Помахивая пустой баночкой, Сергей вернулся в барак. С трудом поднявшись на вторые нары, он вдруг не увидел Коли. Лишь в его изголовье валялась одна рукавица да сиротливо свисал, напоминая ужа, зеленый брезентовый ремень, что служил поручнем его хозяину. Не было также и мешка Никифорыча.
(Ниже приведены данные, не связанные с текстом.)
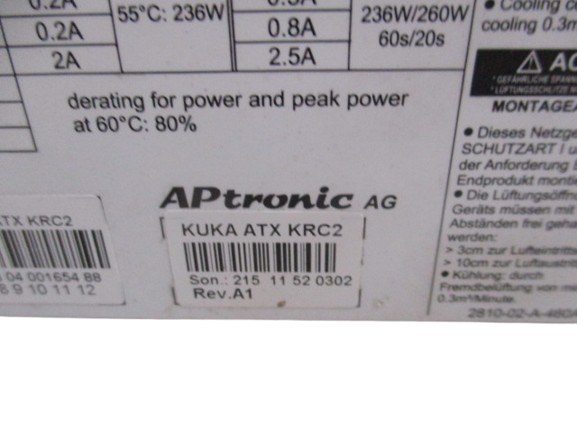 KUKA 00-126-383 DC Power Supply Netzteil ATX KRC2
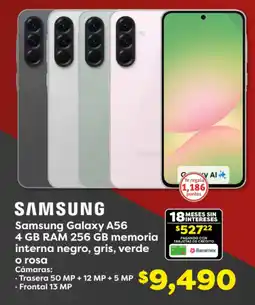 Soriana Híper Samsung Galaxy A56 oferta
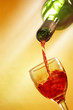 pouring wine on sunray
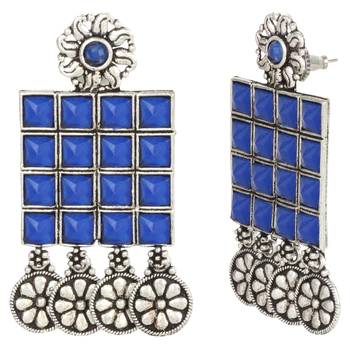Blue earrings 2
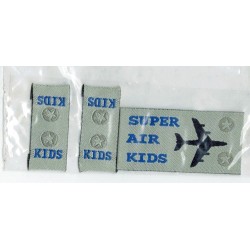 Applicatie Super Air Kids 25x50mm blauw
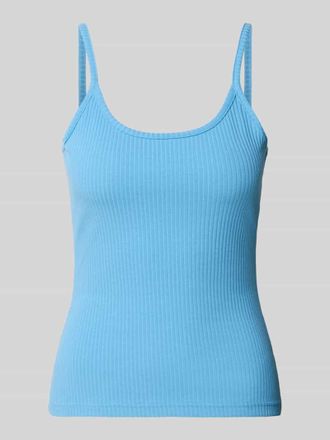 Marc O'Polo Denim Marc OPolo Denim Slim Fit Tr&auml;gertop aus Baumwoll-Mix in Rauchblau, Gr&ouml;&szlig;e XL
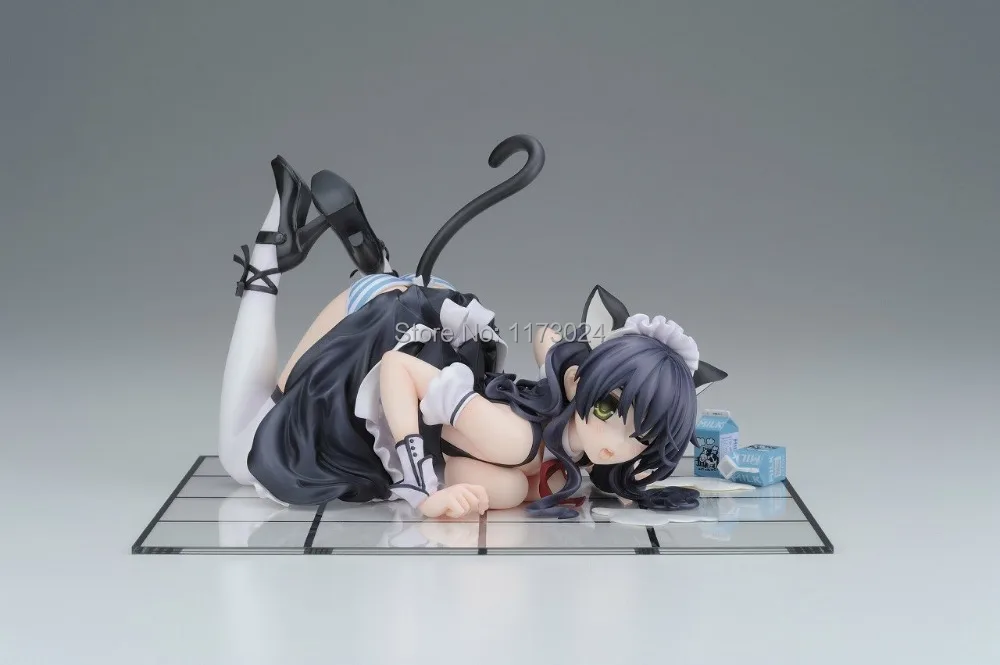 

Pop Famous Japan Misaki Kurehito Native Creator's Collection Cat Lap Milk Sexy PVC Figure Toys New In Box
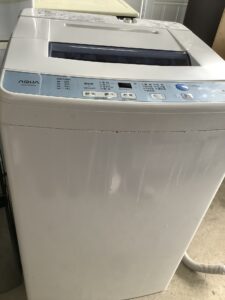 赤磐市で洗濯機の引き取りから処分までさせて頂きました。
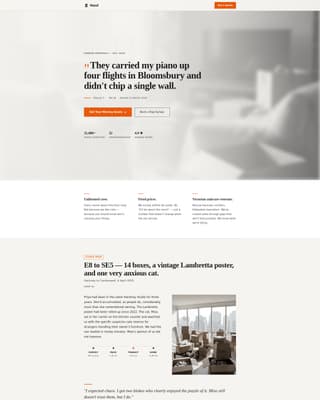 Transit — Professional Relocation Landing Page Template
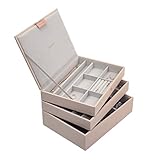 Stackers Blush Pink with Rose Gold Classic Jewelry Box - Set of 3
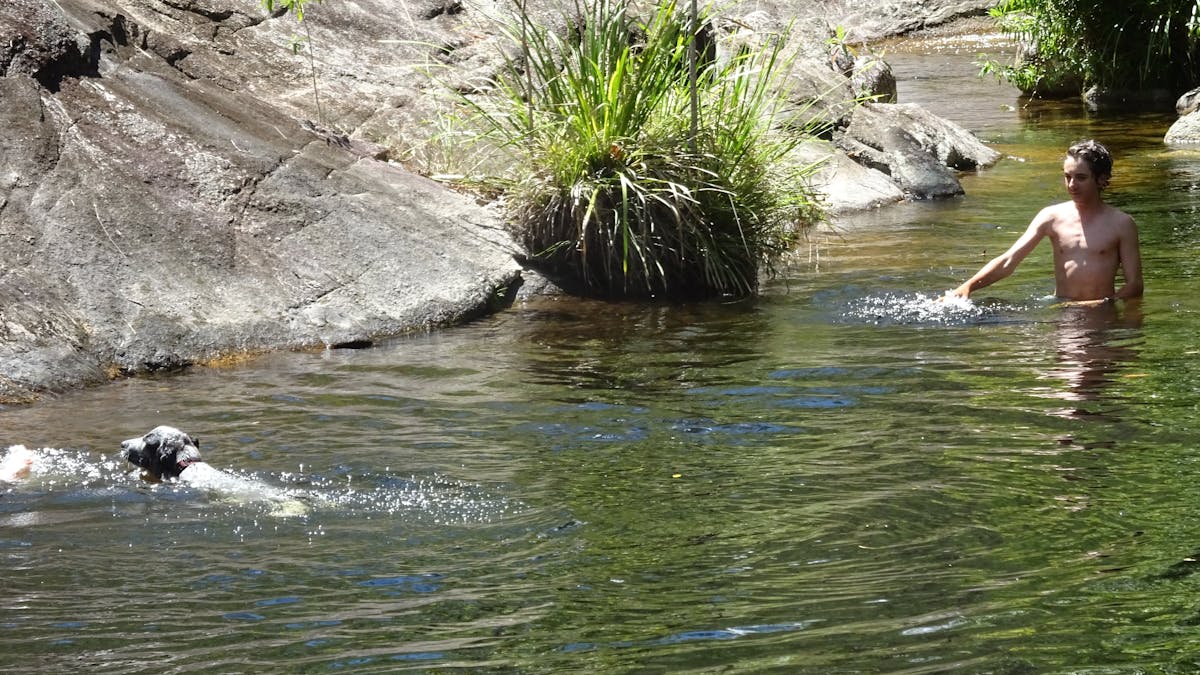 Private swimming hole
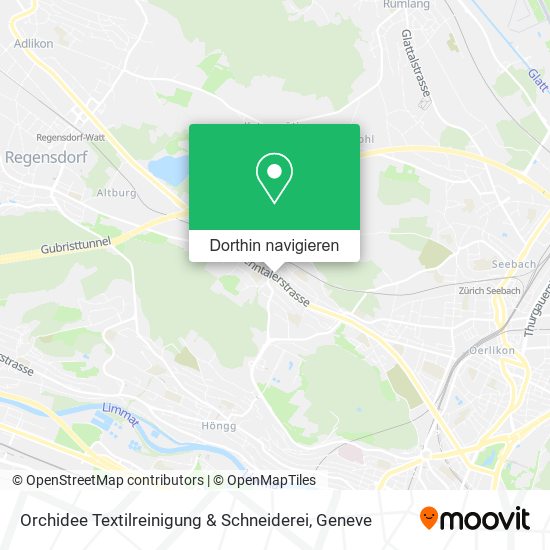Orchidee Textilreinigung & Schneiderei Karte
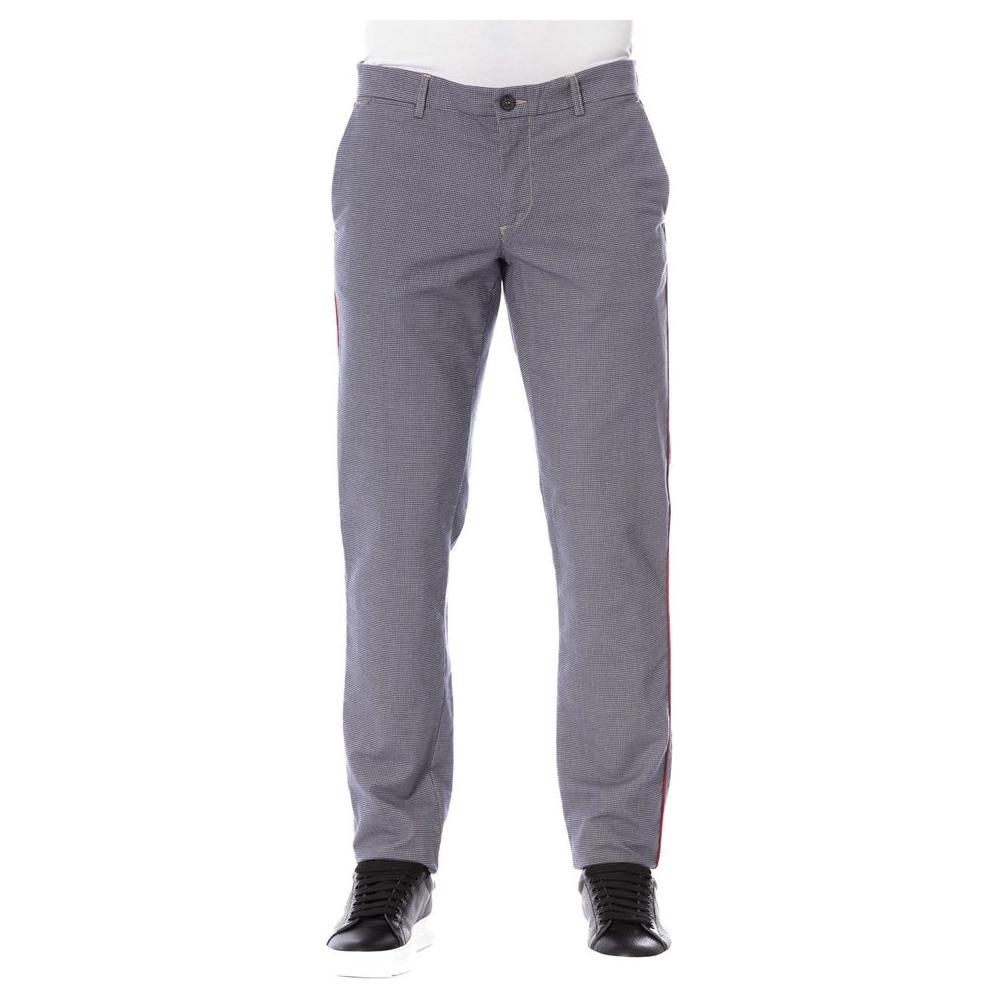 Trussardi Jeans Blue Cotton Men's Trouser TR-24102-IT44 | XS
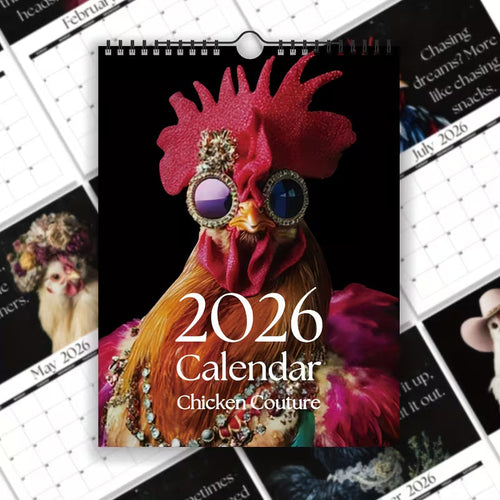 2026 Fun Chicken Wall Calendar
— Какой-то мешок не давал малец полицаям… ну, и того — сбросили с нар. В четвертый понесли… помер, стало быть, — пояснил сосед…
***
…На тринадцатые сутки умышленного мора голодом людей немцы загнали в лагерь раненую лошадь. И бросилась огромная толпа пленных к несчастному животному, на ходу открывая ножи, бритвы, торопливо шаря в карманах хоть что-нибудь острое, способное резать или рвать движущееся мясо. По образовавшейся гигантской куче людей две вышки открыли пулеметный огонь. Может быть, первый раз за все время войны так красиво и экономно расходовали патроны фашисты. Ни одна удивительно светящаяся пуля не вывела посвист, уходя поверх голов пленных! А когда народ разбежался к баракам, на месте, где пять минут тому назад еще ковыляла на трех ногах кляча, лежала груда кровавых, еще теплых костей и вокруг них около ста человек убитых, задавленных, раненых…»
Отрывки я привожу в назидание тем, кто ропщет на судьбу и клянёт на чём свет день сегодняшний.
К теме военнопленных Константин Воробьёв возвращался не единожды. И в повести «Крик», и в чём-то в самом своём известном произведении «Убиты под Москвой», и в последней неоконченной «…И всему роду твоему». Последнее произведение автор писал уже будучи тяжело больным. Гнетущая усталость и разочарованность сквозит между строк. Уже нет в повести того изысканного стиля, филигранных образов и эпитетов. Она читается тяжело, сложные философские размышления о бытие, о людях, об обществе.
Редкий автор — со своим неподражаемым литературным стилем. Прочитать эти книги стоит обязательно.
P.S.
Константин Воробьёв не так известен, как многие его современники. Печатали его неохотно (темы не те и подача не та), а ушёл из жизни он рано. Но испариться его литературное дарование в истории просто не могло. И об этом свидетельствуют посмертные премьерные издания его литературных произведений.
А я по традиции выкладываю в блоге книги для ознакомления, с которыми не так давно познакомился сам: «Это мы, Господи», «Крик», «Убиты под Москвой».